A watershed is all of the land and streams that drain into a designated body of a natural water. The Spruce Creek Watershed, therefore, is all of the land that surrounds and drains into Spruce Creek and its tributaries. The Spruce Creek Watershed encompasses 107 square miles (277 square km) of farmland, upland woods, fields, and small towns in the Ridge and Valley province of the Appalachian Mountains of southcentral Pennsylvania. The economy of the watershed centers around agriculture, outdoors sports and other tourism, and--recently--providing scenic, affordable housing for commuters to State College, PA, one of the fastest growing portions of the State.

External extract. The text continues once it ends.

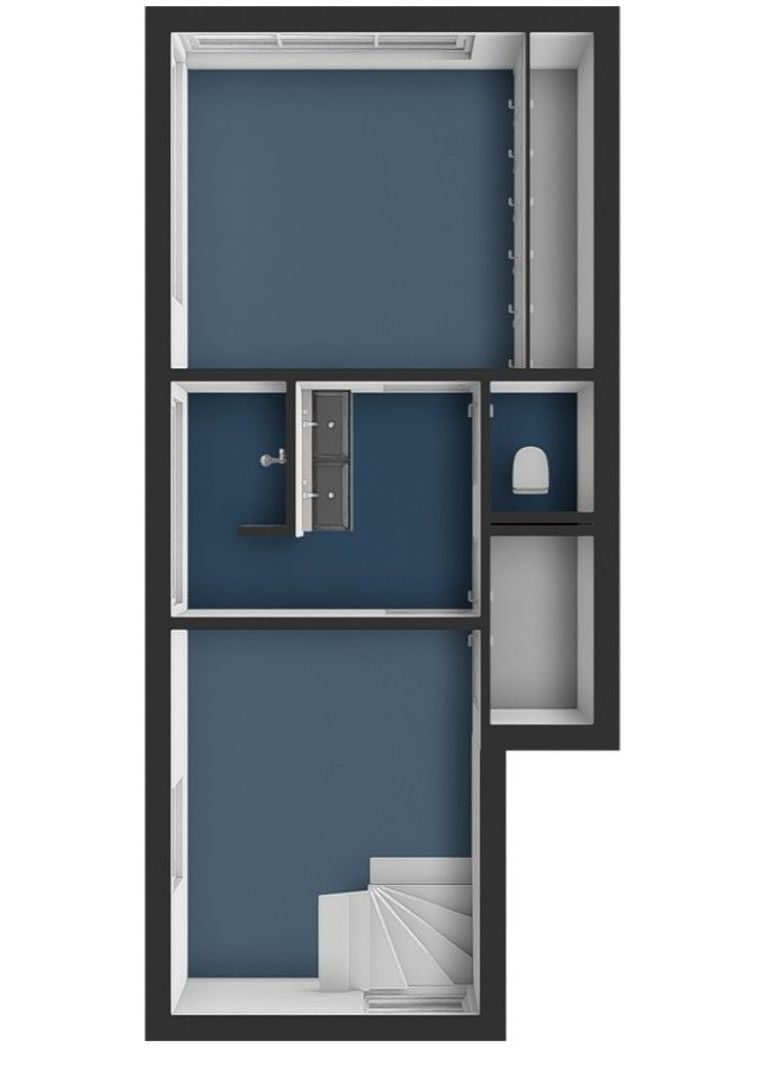 Johan van Hasseltkade 227 B, Amsterdam plattegrond-4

Warriors Mark Run is a tributary of Spruce Creek, and Warriors Mark Run's watershed is a portion of the Spruce Creek Watershed. (See the map of sub-watersheds.) Likewise, the Spruce Creek Watershed, is part of a larger watershed (the Little Juniata River Watershed). It is also a part of a still larger watershed, the Chesapeake Bay Watershed.

A preliminary assessment of the Spruce Creek Watershed, completed in 2004 by The Center for Watershed Stewardship, Pennsylvania State University, gives an excellent overview of the history, economy, and challenges of this watershed.

 Also links and brief descriptions of bedrock geology and land use are listed below.

Bedrock Geology The watershed is primarily underlain by 440- to 500 million year old (Ordovician and Cambrian) limestone and dolostone. The perimeter of the watershed also includes slightly younger shale and sandstone bedrock. The limestone and dolostone bedrock host numerous springs and help maintain alkaline groundwater. (The linked map is modified from a published Pennsylvania Geologic Survey map.)

Land Use With mineral-rich soil developing over the limestone and dolostone bedrock, the watershed includes prime agricultural land for crops and livestock, as well as lush forests. (The linked map is modified from a 1999 Pennsylvania GAP Land-Use/Land-Cover analysis.)